Lady Bird è attenta solo ai suoi scopi e così fa esercizi di opportunismo: quando in una scena il padre le dice «Ti voglio bene», lei non gli concede l’«Anch’io» fino a quando non sa di aver ottenuto quello che aveva chiesto. Quel passaggio è una spia che fa luce sul suo carattere e sullo stesso finale. Che pare lieto, ma è succube della stessa logica: la riappacificazione non avviene a Sacramento, avviene a New York, dove finalmente la nostra è riuscita ad arrivare. L’identità rifiutata e poi riabilitata (nella Grande Mela ci si fa richiamare Christine, si decide persino di andare in chiesa la domenica) segna la riconciliazione con quel contesto familiare cattolico che è lo stesso, attenzione, che le ha permesso di essere lì e di riaffermarsi. Con tutto il portato ipocrita (e dunque cattolico anch’esso) che questa cosa comporta: al di là del poeticistico sovrapporsi del punto di vista materno e filiale sui luoghi (comuni perché fondativi), la ragazza si riappacifica con la madre (e con le sue origini, di conseguenza) solo perché è riuscita a essere dove desiderava, ad avere quello che voleva. Quindi all’affetto genitoriale (un «ti vogliamo bene» espresso nella possibilità concreta data alla ragazza di frequentare l’università desiderata), la protagonista può finalmente rispondere con un messaggio conciliativo (che è il suo simbolico «Anch’io» snocciolato a obiettivo raggiunto, come una moneta di scambio). In soldoni: fosse rimasta a Sacramento la nostra starebbe ancora a sgranare i suoi fanculo.

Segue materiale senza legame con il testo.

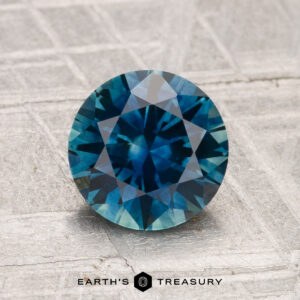 A 1.72-carat heated Montana sapphire, cut in a round brilliant shape, is displayed on a textured gray surface with "Earth's Treasury" at the bottom.
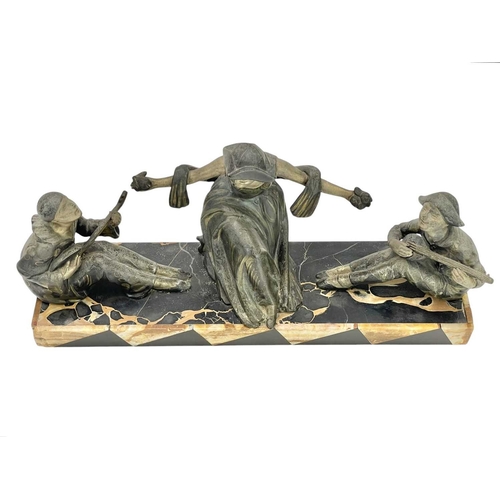 24 - A French Art Deco spelter Commedia dell'arte figure group. With a central Columbine being serenaded ... 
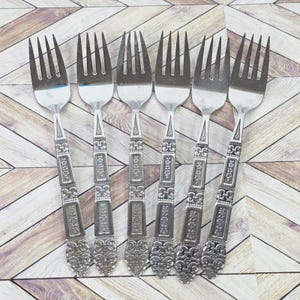 May include: Six silver forks with detailed, ornate handles. The forks have a classic design with a decorative pattern on the handles and tines. The forks are arranged on a light-coloured wooden surface.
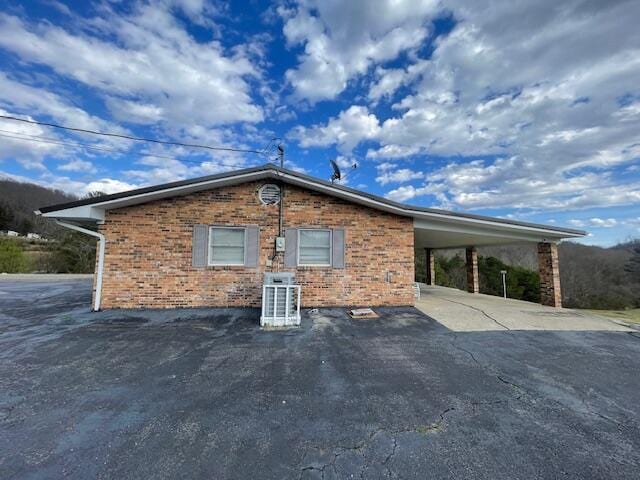 view of side of home featuring an attached carport, cooling unit, brick siding, and driveway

Certo, non basta costruire una storia in cui far vivere una protagonista atipica, una ragazza antipatica (nel senso che rende difficile l’empatia), dominata da un’ansia di controllo a cui fa riscontro una cosciente inadeguatezza, una persona in fieri, preda degli umori individualisti di un’età, perché poi si gridi, come si è fatto, al miracolo (il film è stato il prezzemolo della stagione dei premi). Lady Bird rimane un’opera agrodolce che possiede una sua grazia, ma che accosta situazioni in modo piuttosto semplicistico, complicandole appena e spargendoci sopra col contagocce qualche battuta salace che indoviniamo annotata su un quaderno per poterla snocciolare al momento giusto. È un film di figure definite che convivono con veloci bozzetti in un racconto che si scopre programmaticamente aneddotico. Che inanella miniature di carattere (aiuta molto l’indovinato cast) incastonate, però, in un diario minimo dal respiro corto, che fida, sornione, sull’esplorazione consapevole dell’armamentario abusato del teen movie, squadernato ad nauseam da tantissimo cinema indie: l’amica del cuore sfigata, la ragazza cool di cui si cerca la considerazione, la recita di classe, il primo amore (appunto) che è quello sbagliato e un secondo amore che è più che altro sesso che serve a togliersi l’impiccio della verginità, le delusioni e i drammi di personaggi affrontati e sfiorati (la depressione del padre, il prete con la sua storia familiare, un tormentato coming out eccetera). Figure e luoghi ritagliati con la coscienza del paradigma che dicono di un’autrice lucida alle prese con un film che in questa consapevolezza si irrigidisce.